While Dan Brown’s novels are brimming with dramatic twists and subterfuge, the author’s personal life has always seemed more mundane. Now, it seems, life may be more closely imitating art.
On Monday 29 June, Blythe Brown, the ex-wife of The Da Vinci Code author, filed a lawsuit at Rockingham superior court in New Hampshire, accusing her former husband of “unlawful and egregious conduct” while they were married. The claim centres around a financial affidavit, which listed all of their marital assets, that Mr Brown signed when they divorced in December 2019.
According to Mrs Brown, the author had been secretly diverting funds from their joint accounts to pay for lavish gifts for his secret lovers, including, allegedly, a £260,000 horse. She is also claiming that the author deliberately hid projects he was working on, such as a TV adaptation based on his novel The Da Vinci Code, which should have been considered when dividing assets.

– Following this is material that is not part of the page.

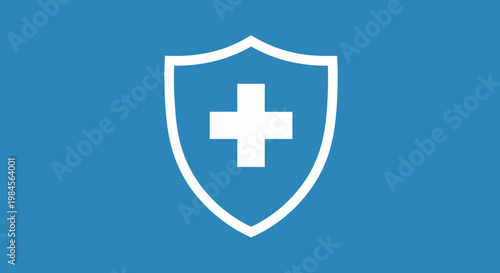 Medical shield illustration: a white cross inside a shield on a blue background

Dan Brown strenuously denied these allegations and has launched a counter claim, suing his ex-wife for libel and slander and claiming her motivation is to “destroy his legacy.” The allegations come at a particularly damaging time for Mr Brown, as he prepares to enter the children’s fiction market in September.
Mrs Brown main claim centres around the alleged non-disclosure of assets, perhaps one of the most prolific issue when it comes to dividing marital assets. Lois Rogers, Director of Divorce & Family Law at Vardags, explains:
“During divorce proceedings, wealthier parties in marriages sometimes deploy devious tactics to conceal the true extent of their wealth, either by non-disclosure or undervaluing disclosed assets. Misrepresenting their true financial position in this way is with the hope of a lower settlement being awarded to the other spouse than that which they might have been entitled.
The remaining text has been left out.